**Short descriptive text snippets:**
* * *

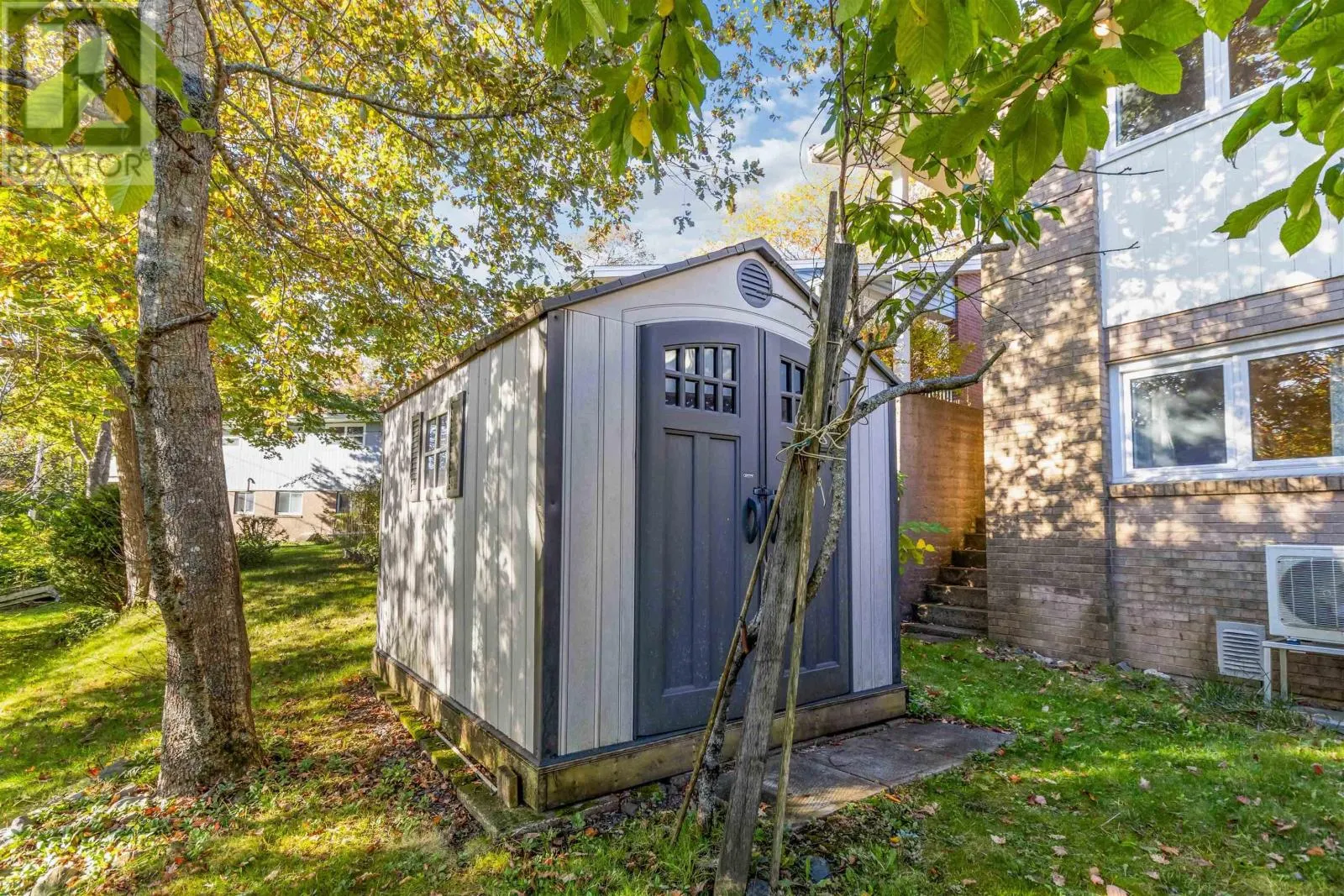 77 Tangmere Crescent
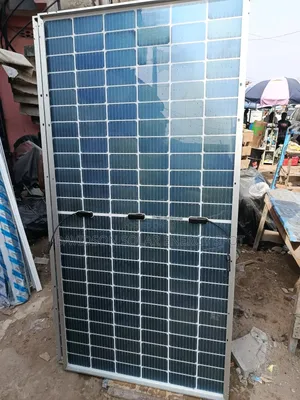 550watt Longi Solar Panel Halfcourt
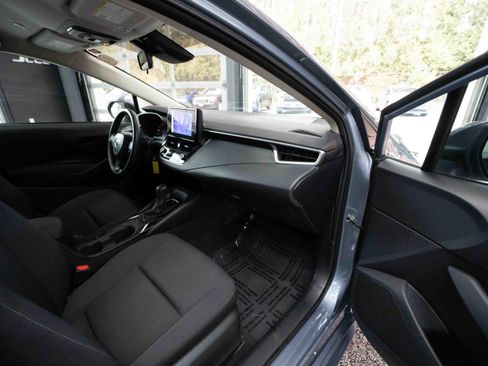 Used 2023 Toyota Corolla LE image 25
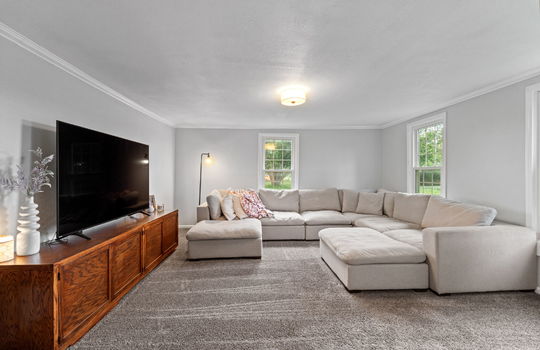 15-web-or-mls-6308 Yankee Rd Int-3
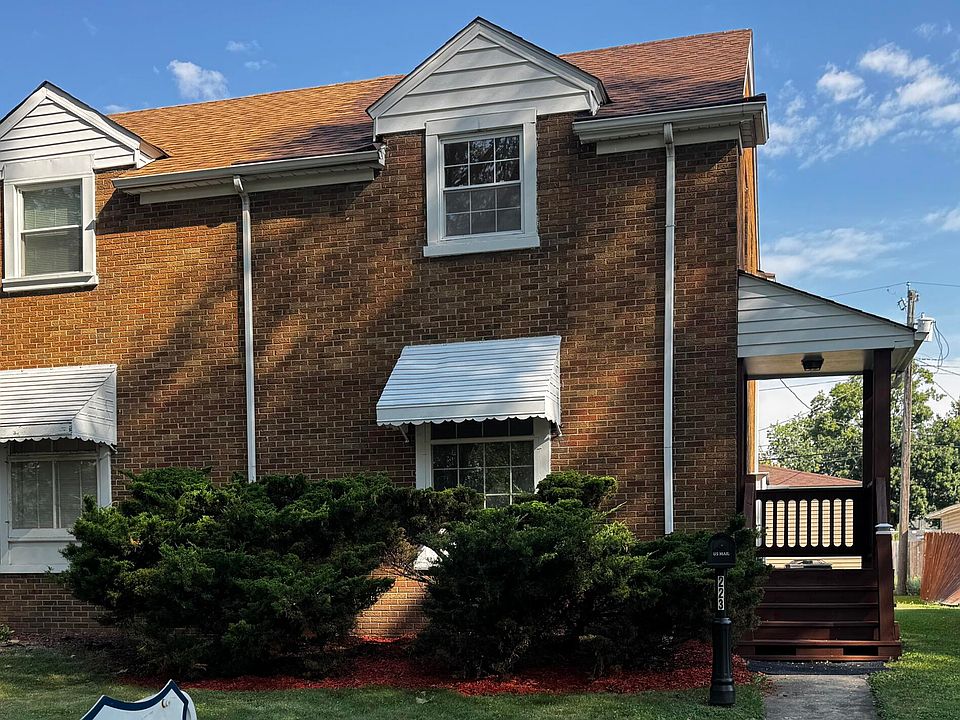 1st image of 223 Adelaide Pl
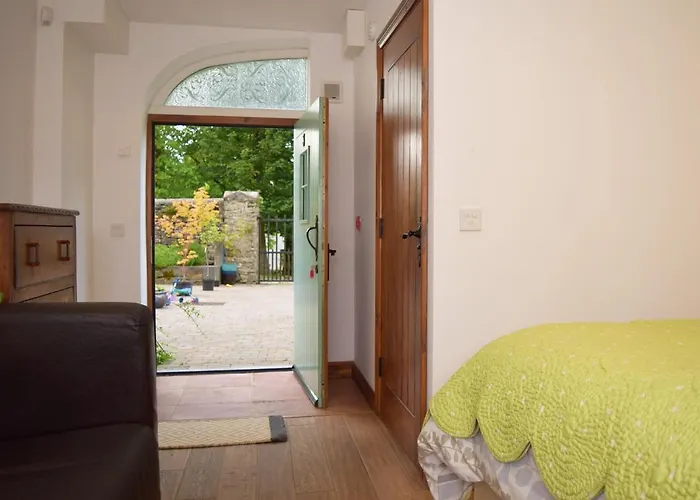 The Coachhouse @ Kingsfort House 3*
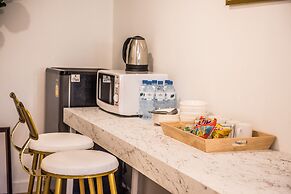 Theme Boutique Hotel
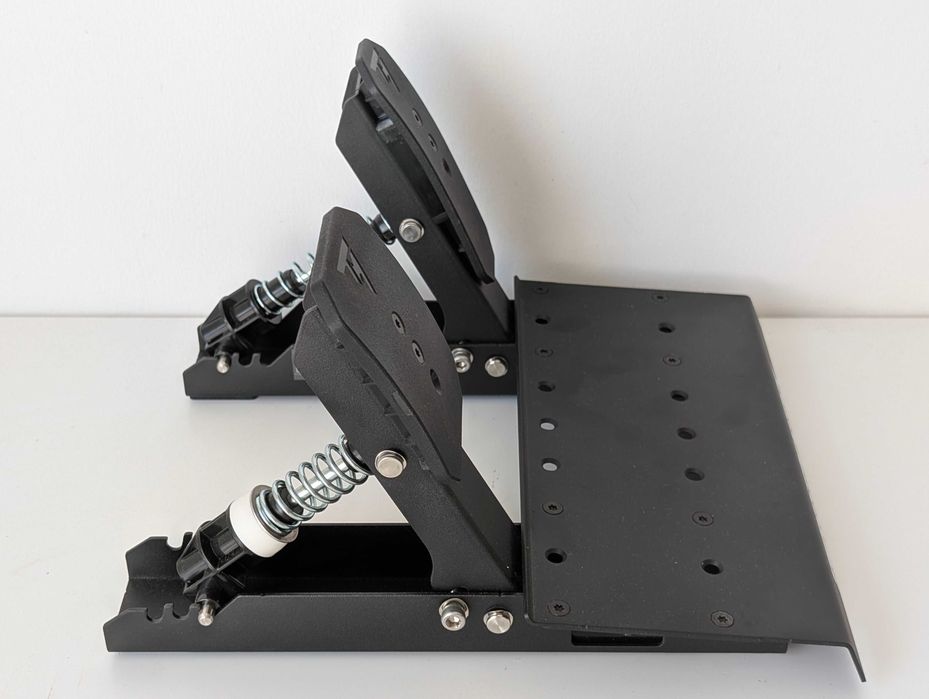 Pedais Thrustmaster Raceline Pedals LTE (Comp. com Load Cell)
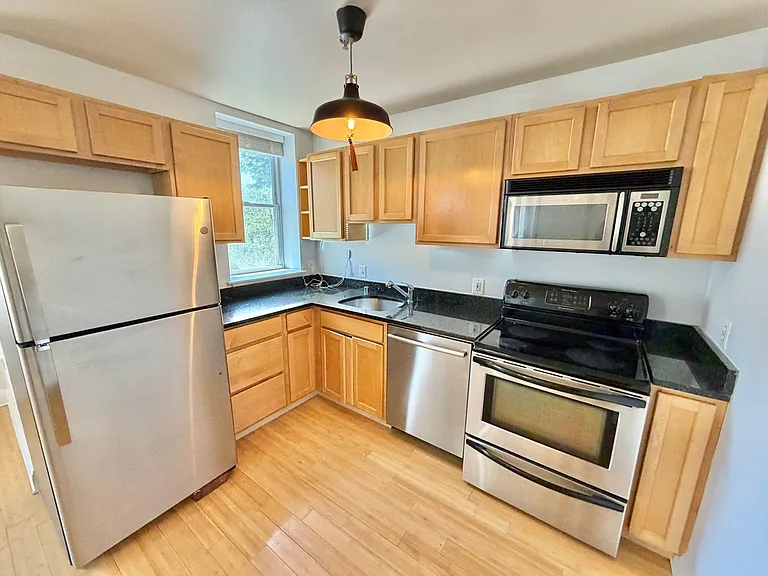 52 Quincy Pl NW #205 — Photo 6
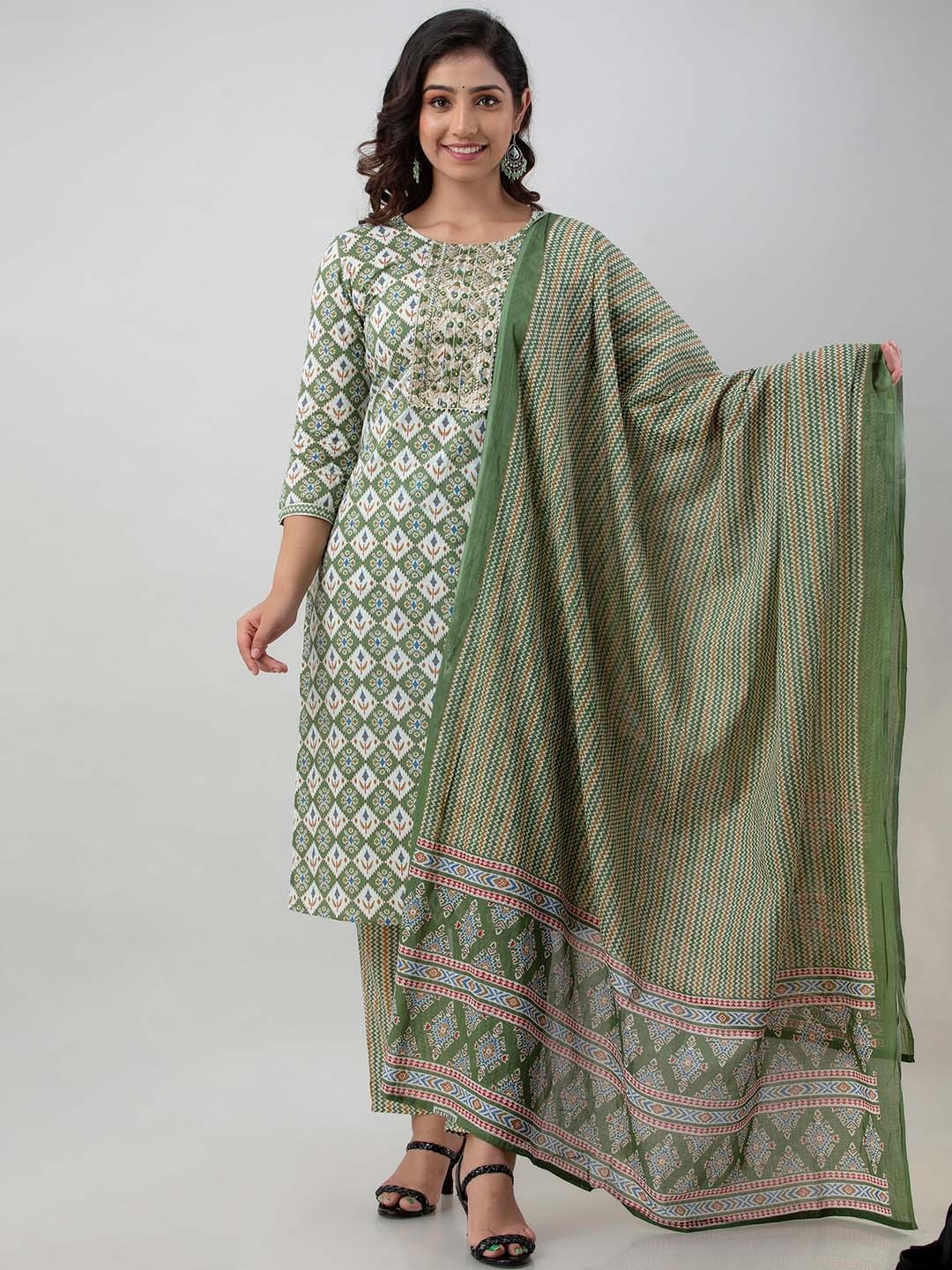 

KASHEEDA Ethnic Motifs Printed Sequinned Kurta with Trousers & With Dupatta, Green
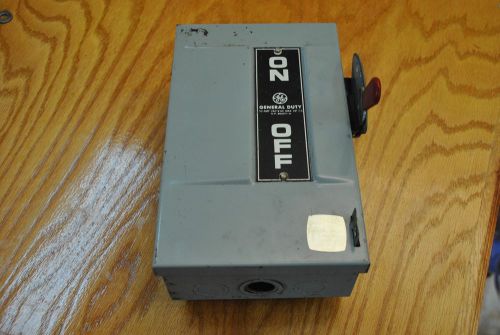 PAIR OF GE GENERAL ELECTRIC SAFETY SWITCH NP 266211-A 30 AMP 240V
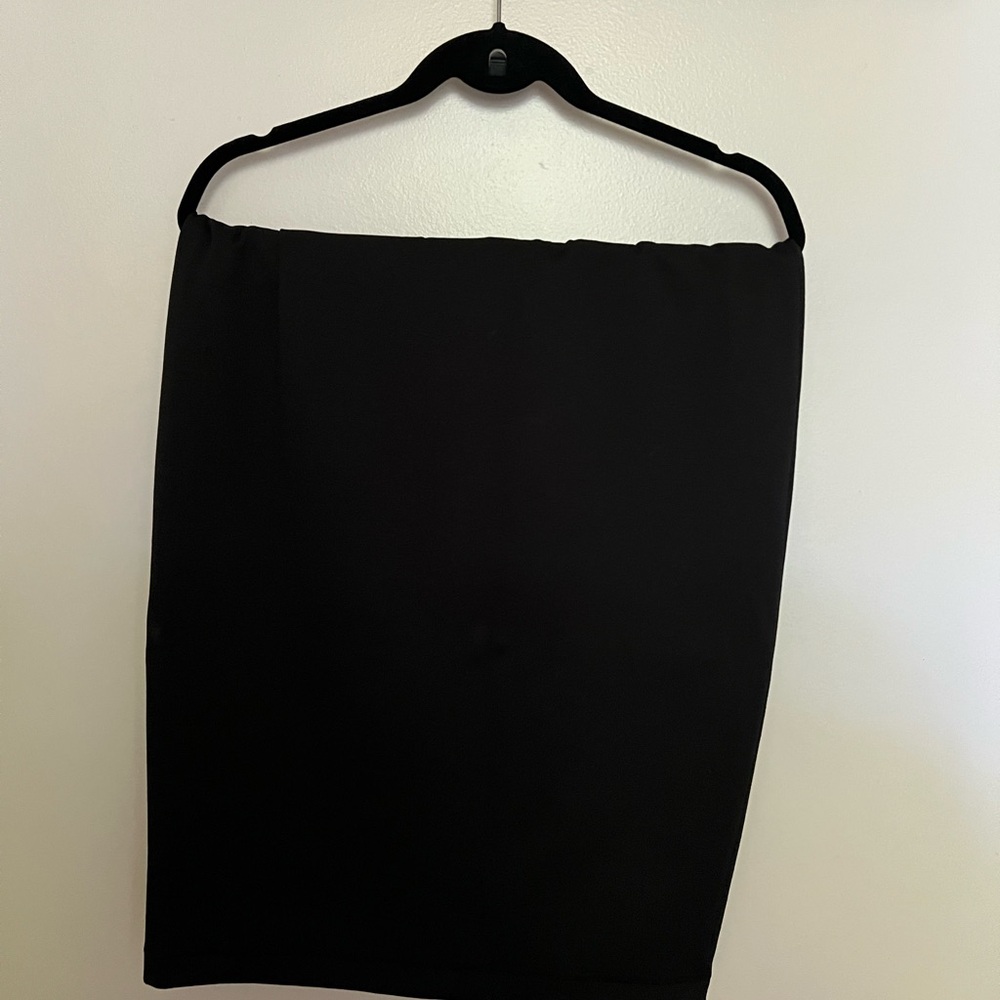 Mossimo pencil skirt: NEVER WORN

* * *

**Activity:** Retype every entry exactly as written. Leave the pictures out.

**Your response:**
 77 Tangmere Crescent
 550watt Longi Solar Panel Halfcourt
 Used 2023 Toyota Corolla LE image 25
 15-web-or-mls-6308 Yankee Rd Int-3
 1st image of 223 Adelaide Pl
 The Coachhouse @ Kingsfort House 3*
 Theme Boutique Hotel
 Pedais Thrustmaster Raceline Pedals LTE (Comp. com Load Cell)
 52 Quincy Pl NW #205 — Photo 6

KASHEEDA Ethnic Motifs Printed Sequinned Kurta with Trousers & With Dupatta, Green
 PAIR OF GE GENERAL ELECTRIC SAFETY SWITCH NP 266211-A 30 AMP 240V
 Mossimo pencil skirt: NEVER WORN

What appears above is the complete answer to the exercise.